**Required action:**
Copy every record word for word. The images stay behind.

The data START

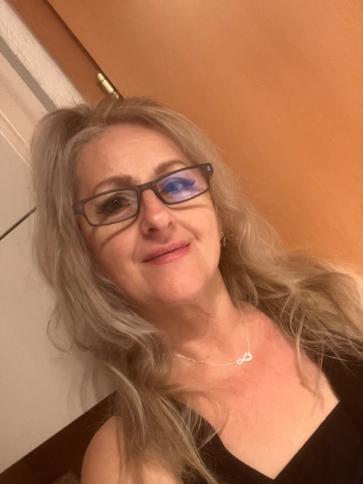 Olgi, 53 éves ausztriai társkereső nő profil fotója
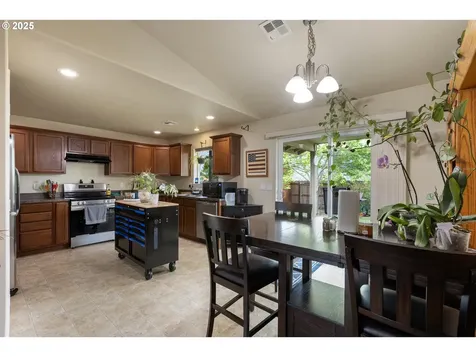 335 Gentry Loop Myrtle Creek OR 97457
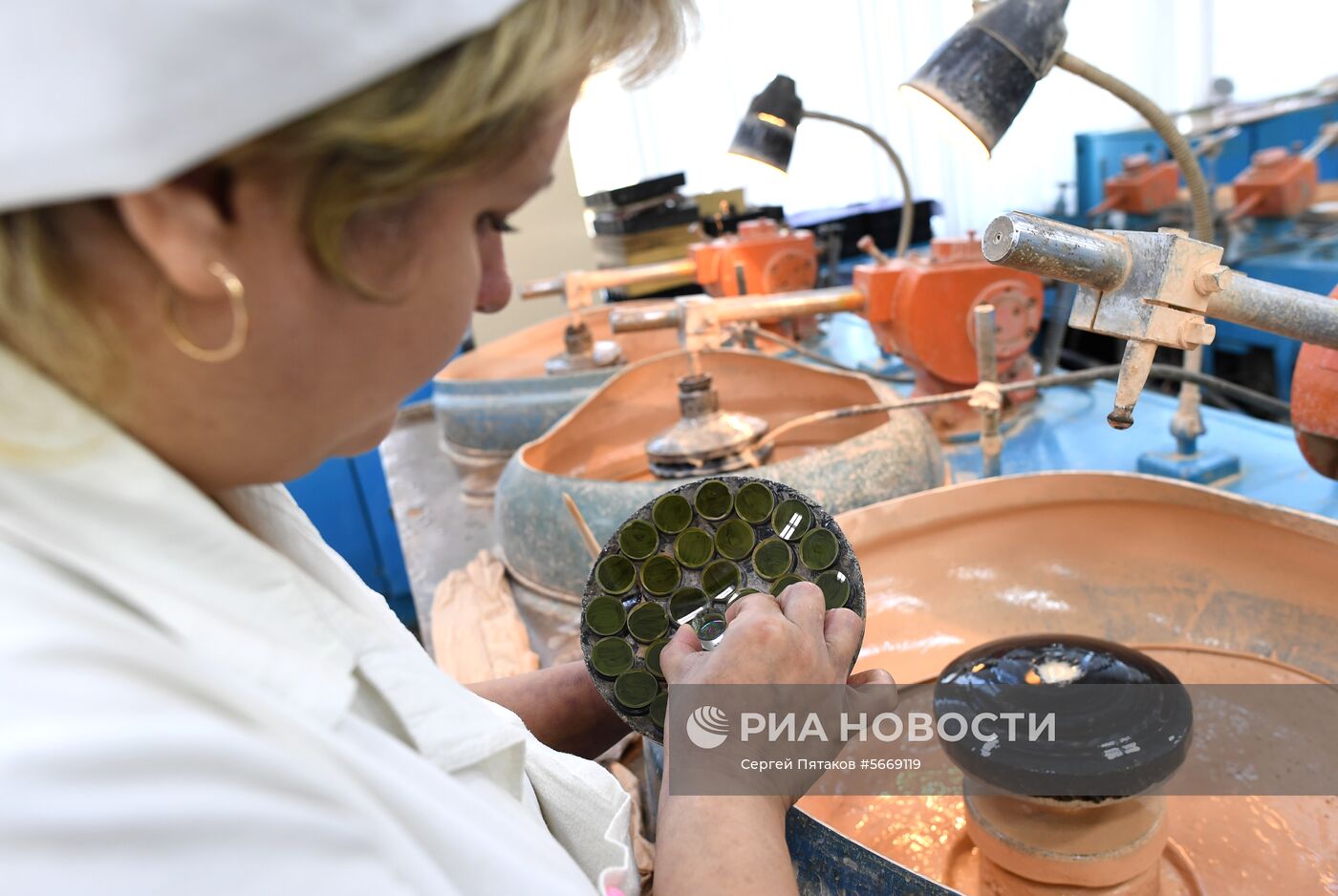 Производство отечественной цифровой фотокамеры "Зенит-М"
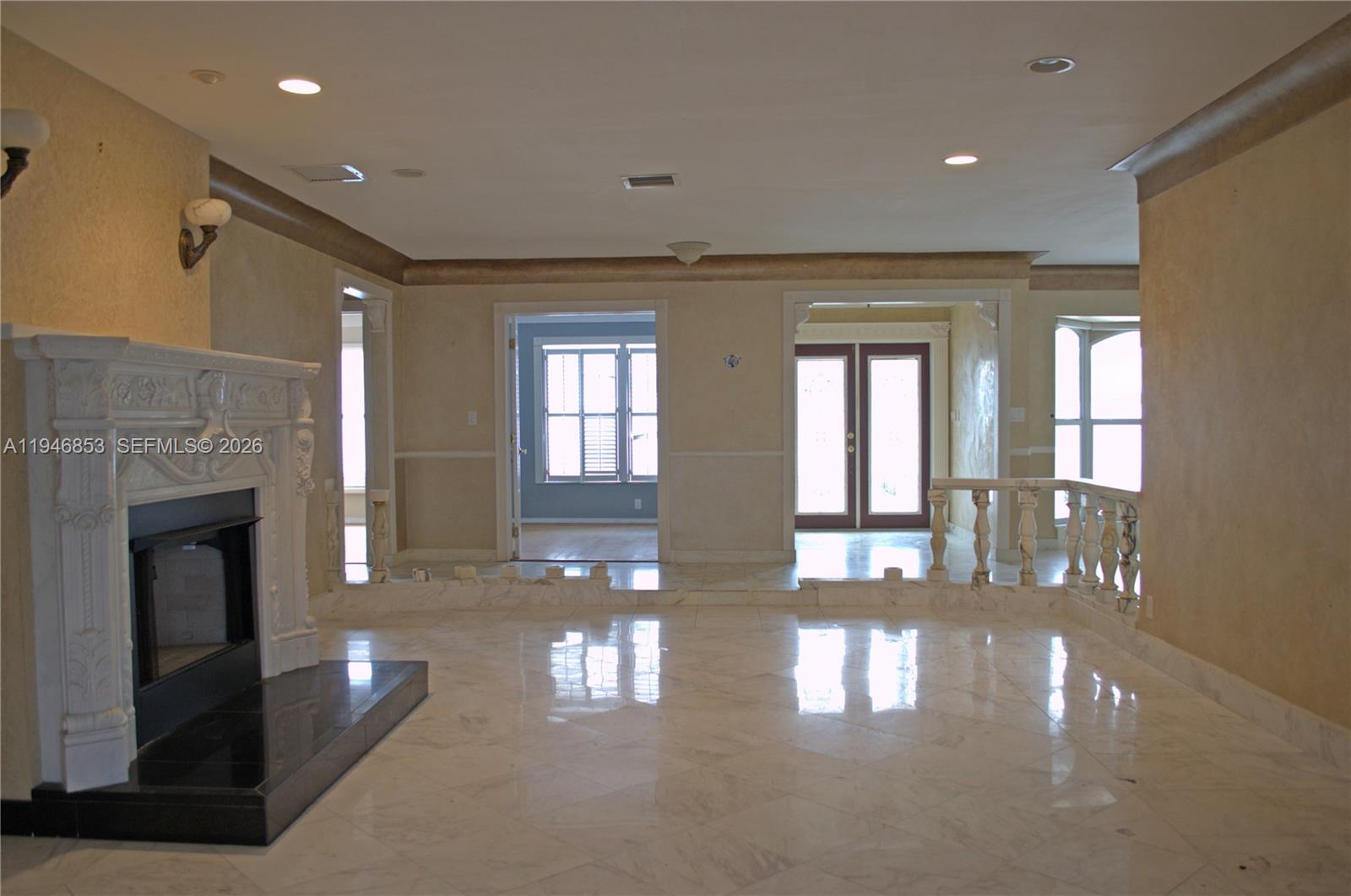 LAKE ESTATES - Residential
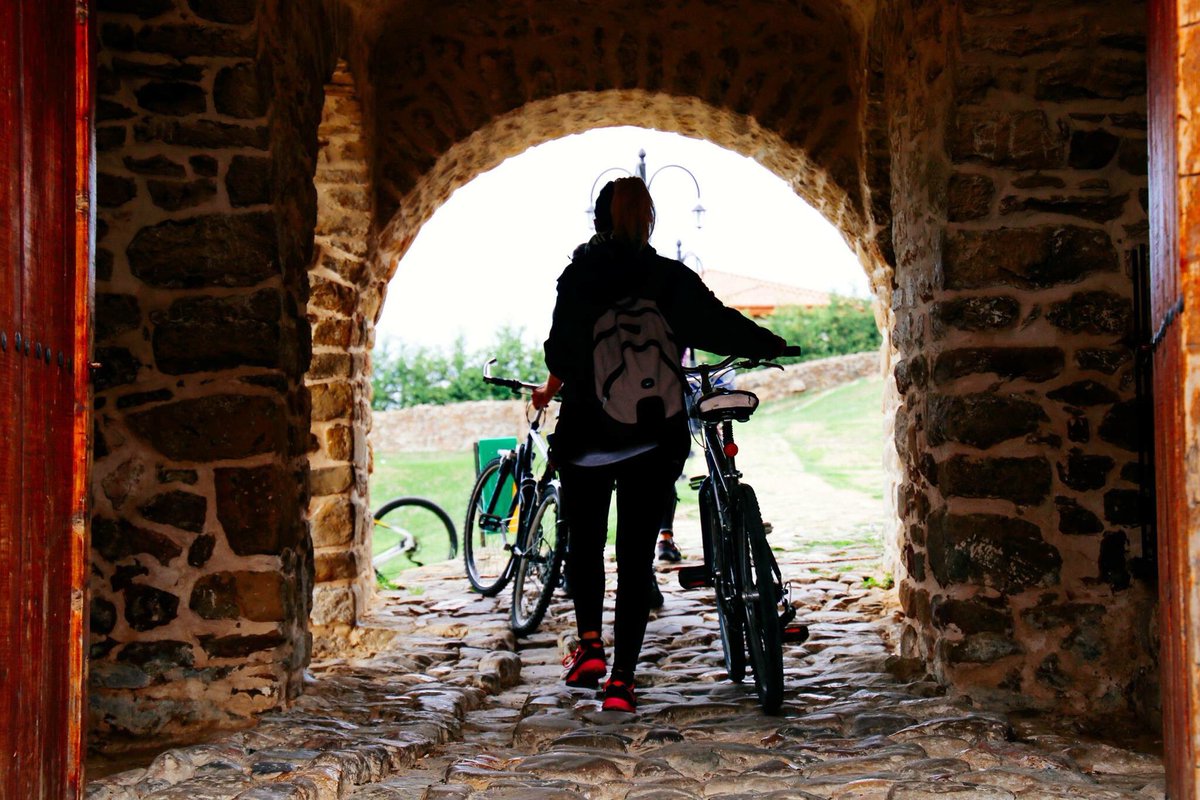 EnedMato's tweet photo. Sot ne kalane me pamjen me te bukur ne Tirane! Zbulo vëndin tënd! #Preza 🕍🚴🏻🧘♀️🏞 https://t.co/PwiZBlKCLy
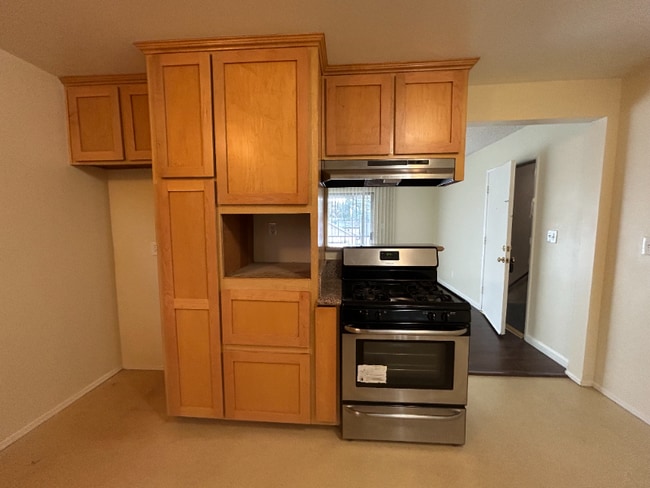 Photo - 97 E Laurel Ave Unit C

The data END

**Solution:**
 Olgi, 53 éves ausztriai társkereső nő profil fotója
 335 Gentry Loop Myrtle Creek OR 97457
 Производство отечественной цифровой фотокамеры "Зенит-М"
 LAKE ESTATES - Residential
 EnedMato's tweet photo. Sot ne kalane me pamjen me te bukur ne Tirane! Zbulo vëndin tënd! #Preza 🕍🚴🏻🧘♀️🏞 https://t.co/PwiZBlKCLy
 Photo - 97 E Laurel Ave Unit C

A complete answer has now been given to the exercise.